BRIEF:
Somewhere below are a line with "SEAT Ibiza Hatchback" and a later line with "behöver fler trygga". Output exactly those lines and all lines between them.

Data items:
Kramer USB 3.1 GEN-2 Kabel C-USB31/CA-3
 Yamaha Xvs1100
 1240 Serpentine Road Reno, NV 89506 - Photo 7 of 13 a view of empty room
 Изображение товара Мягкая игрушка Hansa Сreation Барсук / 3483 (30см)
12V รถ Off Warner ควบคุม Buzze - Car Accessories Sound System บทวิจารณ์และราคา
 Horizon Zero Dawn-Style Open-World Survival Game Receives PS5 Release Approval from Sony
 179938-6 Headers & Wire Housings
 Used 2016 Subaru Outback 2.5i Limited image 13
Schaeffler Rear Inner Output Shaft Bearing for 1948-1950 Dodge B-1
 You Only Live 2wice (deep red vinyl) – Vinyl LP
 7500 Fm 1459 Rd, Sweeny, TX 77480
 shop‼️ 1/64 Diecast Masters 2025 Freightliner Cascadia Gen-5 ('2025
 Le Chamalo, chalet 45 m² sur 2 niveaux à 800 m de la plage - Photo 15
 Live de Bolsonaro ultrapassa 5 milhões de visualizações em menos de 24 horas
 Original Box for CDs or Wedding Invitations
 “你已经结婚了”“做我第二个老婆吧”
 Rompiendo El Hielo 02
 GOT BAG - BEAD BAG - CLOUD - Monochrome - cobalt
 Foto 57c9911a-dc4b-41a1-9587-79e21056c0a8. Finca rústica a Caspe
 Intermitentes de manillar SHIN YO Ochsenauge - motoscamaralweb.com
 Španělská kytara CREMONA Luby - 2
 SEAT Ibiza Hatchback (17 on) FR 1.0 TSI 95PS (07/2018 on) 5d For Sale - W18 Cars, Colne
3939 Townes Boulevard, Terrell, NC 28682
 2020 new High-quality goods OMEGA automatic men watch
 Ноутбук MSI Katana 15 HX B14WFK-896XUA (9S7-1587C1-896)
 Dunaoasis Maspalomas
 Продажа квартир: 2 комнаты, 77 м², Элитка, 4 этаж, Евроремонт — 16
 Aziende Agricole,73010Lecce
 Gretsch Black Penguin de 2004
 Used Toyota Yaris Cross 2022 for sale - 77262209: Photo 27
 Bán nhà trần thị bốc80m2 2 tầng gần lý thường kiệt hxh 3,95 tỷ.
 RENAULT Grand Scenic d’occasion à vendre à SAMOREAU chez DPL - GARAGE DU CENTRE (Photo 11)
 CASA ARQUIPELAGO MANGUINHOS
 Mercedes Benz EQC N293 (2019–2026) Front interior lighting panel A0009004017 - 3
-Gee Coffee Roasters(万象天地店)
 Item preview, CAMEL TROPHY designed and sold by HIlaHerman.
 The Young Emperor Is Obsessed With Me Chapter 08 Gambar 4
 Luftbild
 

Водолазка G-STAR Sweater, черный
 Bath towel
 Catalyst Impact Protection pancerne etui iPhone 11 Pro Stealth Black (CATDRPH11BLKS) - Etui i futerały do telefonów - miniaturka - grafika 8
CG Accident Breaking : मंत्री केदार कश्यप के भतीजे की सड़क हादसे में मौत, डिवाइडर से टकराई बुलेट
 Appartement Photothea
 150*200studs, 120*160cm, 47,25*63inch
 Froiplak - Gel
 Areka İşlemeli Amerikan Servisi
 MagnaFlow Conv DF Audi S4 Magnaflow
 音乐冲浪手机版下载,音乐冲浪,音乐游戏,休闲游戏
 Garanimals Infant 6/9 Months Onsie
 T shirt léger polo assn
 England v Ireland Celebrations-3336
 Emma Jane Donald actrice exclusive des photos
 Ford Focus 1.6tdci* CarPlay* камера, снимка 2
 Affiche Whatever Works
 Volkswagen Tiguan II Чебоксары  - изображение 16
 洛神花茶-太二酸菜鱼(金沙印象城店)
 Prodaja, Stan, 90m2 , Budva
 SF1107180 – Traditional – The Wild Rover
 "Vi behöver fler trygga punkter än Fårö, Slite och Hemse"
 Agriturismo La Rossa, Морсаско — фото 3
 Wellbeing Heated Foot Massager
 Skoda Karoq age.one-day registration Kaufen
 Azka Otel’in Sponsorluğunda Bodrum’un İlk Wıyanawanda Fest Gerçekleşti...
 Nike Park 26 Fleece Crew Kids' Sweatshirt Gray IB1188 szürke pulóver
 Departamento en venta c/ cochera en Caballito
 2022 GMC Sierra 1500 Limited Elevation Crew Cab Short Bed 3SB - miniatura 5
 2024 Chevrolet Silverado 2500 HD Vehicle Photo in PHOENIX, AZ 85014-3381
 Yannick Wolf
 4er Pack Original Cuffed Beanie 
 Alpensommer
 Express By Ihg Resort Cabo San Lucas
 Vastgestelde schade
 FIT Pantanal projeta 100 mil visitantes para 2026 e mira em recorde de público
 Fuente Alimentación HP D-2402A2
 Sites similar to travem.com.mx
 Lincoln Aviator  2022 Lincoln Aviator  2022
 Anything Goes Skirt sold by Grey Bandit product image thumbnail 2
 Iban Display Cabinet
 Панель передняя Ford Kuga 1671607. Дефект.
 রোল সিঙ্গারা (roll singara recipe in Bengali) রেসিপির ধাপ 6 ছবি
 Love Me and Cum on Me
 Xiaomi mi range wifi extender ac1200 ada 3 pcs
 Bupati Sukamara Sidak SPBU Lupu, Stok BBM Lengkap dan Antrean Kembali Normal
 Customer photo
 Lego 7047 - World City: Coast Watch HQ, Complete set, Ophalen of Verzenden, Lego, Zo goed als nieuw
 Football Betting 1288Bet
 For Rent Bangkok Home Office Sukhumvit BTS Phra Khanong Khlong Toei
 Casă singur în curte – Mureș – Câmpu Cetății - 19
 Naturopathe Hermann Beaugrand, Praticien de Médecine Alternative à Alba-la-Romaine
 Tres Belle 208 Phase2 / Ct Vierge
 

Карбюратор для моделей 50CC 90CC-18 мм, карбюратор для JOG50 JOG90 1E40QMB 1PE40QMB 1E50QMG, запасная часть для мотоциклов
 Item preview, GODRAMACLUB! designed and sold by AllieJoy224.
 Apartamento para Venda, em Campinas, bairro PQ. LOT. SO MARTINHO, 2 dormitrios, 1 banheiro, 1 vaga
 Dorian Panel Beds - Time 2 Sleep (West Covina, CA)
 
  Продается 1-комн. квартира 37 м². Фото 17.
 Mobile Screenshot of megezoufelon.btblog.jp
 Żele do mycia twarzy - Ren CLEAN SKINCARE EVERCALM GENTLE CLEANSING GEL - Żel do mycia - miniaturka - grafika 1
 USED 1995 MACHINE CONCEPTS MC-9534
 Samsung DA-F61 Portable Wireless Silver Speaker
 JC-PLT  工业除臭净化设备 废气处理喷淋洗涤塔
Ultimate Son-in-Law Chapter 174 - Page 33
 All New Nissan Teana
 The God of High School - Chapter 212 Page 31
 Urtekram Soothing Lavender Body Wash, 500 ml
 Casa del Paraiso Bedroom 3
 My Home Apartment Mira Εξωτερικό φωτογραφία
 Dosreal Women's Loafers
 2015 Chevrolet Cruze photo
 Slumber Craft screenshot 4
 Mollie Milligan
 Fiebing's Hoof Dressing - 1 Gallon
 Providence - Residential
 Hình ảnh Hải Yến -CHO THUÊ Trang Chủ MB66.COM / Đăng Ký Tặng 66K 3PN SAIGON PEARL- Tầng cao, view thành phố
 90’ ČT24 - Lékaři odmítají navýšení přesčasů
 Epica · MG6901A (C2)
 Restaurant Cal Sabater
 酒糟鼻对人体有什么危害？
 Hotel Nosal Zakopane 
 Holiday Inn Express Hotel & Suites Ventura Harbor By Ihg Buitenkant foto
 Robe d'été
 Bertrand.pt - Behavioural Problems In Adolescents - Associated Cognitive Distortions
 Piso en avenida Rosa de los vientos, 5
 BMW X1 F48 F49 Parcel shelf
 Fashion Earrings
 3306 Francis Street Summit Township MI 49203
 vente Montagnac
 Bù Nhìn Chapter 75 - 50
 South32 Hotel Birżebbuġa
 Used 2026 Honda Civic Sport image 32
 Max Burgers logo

ANSWER SPACE:
 SEAT Ibiza Hatchback (17 on) FR 1.0 TSI 95PS (07/2018 on) 5d For Sale - W18 Cars, Colne
3939 Townes Boulevard, Terrell, NC 28682
 2020 new High-quality goods OMEGA automatic men watch
 Ноутбук MSI Katana 15 HX B14WFK-896XUA (9S7-1587C1-896)
 Dunaoasis Maspalomas
 Продажа квартир: 2 комнаты, 77 м², Элитка, 4 этаж, Евроремонт — 16
 Aziende Agricole,73010Lecce
 Gretsch Black Penguin de 2004
 Used Toyota Yaris Cross 2022 for sale - 77262209: Photo 27
 Bán nhà trần thị bốc80m2 2 tầng gần lý thường kiệt hxh 3,95 tỷ.
 RENAULT Grand Scenic d’occasion à vendre à SAMOREAU chez DPL - GARAGE DU CENTRE (Photo 11)
 CASA ARQUIPELAGO MANGUINHOS
 Mercedes Benz EQC N293 (2019–2026) Front interior lighting panel A0009004017 - 3
-Gee Coffee Roasters(万象天地店)
 Item preview, CAMEL TROPHY designed and sold by HIlaHerman.
 The Young Emperor Is Obsessed With Me Chapter 08 Gambar 4
 Luftbild
 

Водолазка G-STAR Sweater, черный
 Bath towel
 Catalyst Impact Protection pancerne etui iPhone 11 Pro Stealth Black (CATDRPH11BLKS) - Etui i futerały do telefonów - miniaturka - grafika 8
CG Accident Breaking : मंत्री केदार कश्यप के भतीजे की सड़क हादसे में मौत, डिवाइडर से टकराई बुलेट
 Appartement Photothea
 150*200studs, 120*160cm, 47,25*63inch
 Froiplak - Gel
 Areka İşlemeli Amerikan Servisi
 MagnaFlow Conv DF Audi S4 Magnaflow
 音乐冲浪手机版下载,音乐冲浪,音乐游戏,休闲游戏
 Garanimals Infant 6/9 Months Onsie
 T shirt léger polo assn
 England v Ireland Celebrations-3336
 Emma Jane Donald actrice exclusive des photos
 Ford Focus 1.6tdci* CarPlay* камера, снимка 2
 Affiche Whatever Works
 Volkswagen Tiguan II Чебоксары  - изображение 16
 洛神花茶-太二酸菜鱼(金沙印象城店)
 Prodaja, Stan, 90m2 , Budva
 SF1107180 – Traditional – The Wild Rover
 "Vi behöver fler trygga punkter än Fårö, Slite och Hemse"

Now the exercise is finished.